At first, the couple “laughed off” and didn’t worry that their daughter Imani played with a “blue-eyed white doll” at the daycare.
But then Kendi began to wonder if his daughter had “already breathed in what the psychologist Beverly Daniel Tatum has called the ‘smog’ of white superiority.”
Maybe our minds were sounding a false alarm. Maybe the eye and skin color and hair texture of the doll had no bearing on why Imani had become attached. I did not know. No one knew. But I did know why the alarm was ringing.
Kendi then spent 17 paragraphs giving a history of toys and racism going back to 1897 through the present day, before returning to his concerns that one day in 2017.
“Regardless of your race, it’s never too early to consider the messages a child is receiving from the world around them,” he wrote. “Color blindness is not an option. Research has demonstrated that even at 1 year old, our children notice different skin colors.”
“We can impress upon children the equality of dark and light colors,” the author of the “Antiracist Baby” wrote.

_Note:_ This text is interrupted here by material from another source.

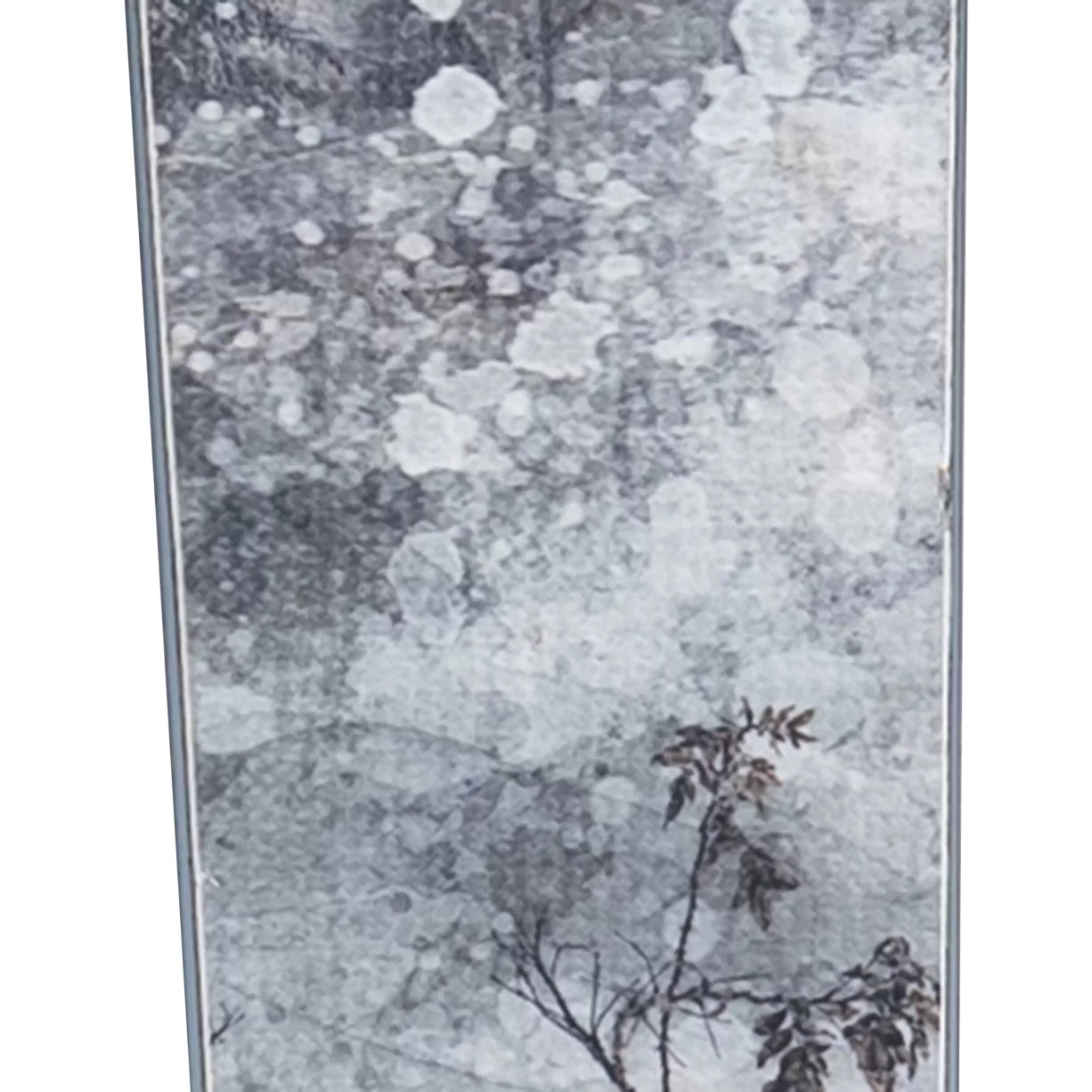 155cmGray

“We can use dolls to acknowledge difference in skin color but dismiss the racist notions that the darker, the worse,” Kendi wrote.
But thankfully one day his daughter “tossed the white doll aside” which Kendi and his partner saw as a victory.
But he erred, he said, because had not checked out if there was a diverse set of dolls at the daycare. “Anger overtook me. Not at the day care’s owner—at myself. Imani had been going here for several weeks, and not once did I examine the toy chests,” he said.
It turned out his daughter had no other option because there were only white dolls in the toy chest.
“We told the owner about the white dolls before leaving for the day. Changes came,” Kendi wrote. “But I had failed my doll test.”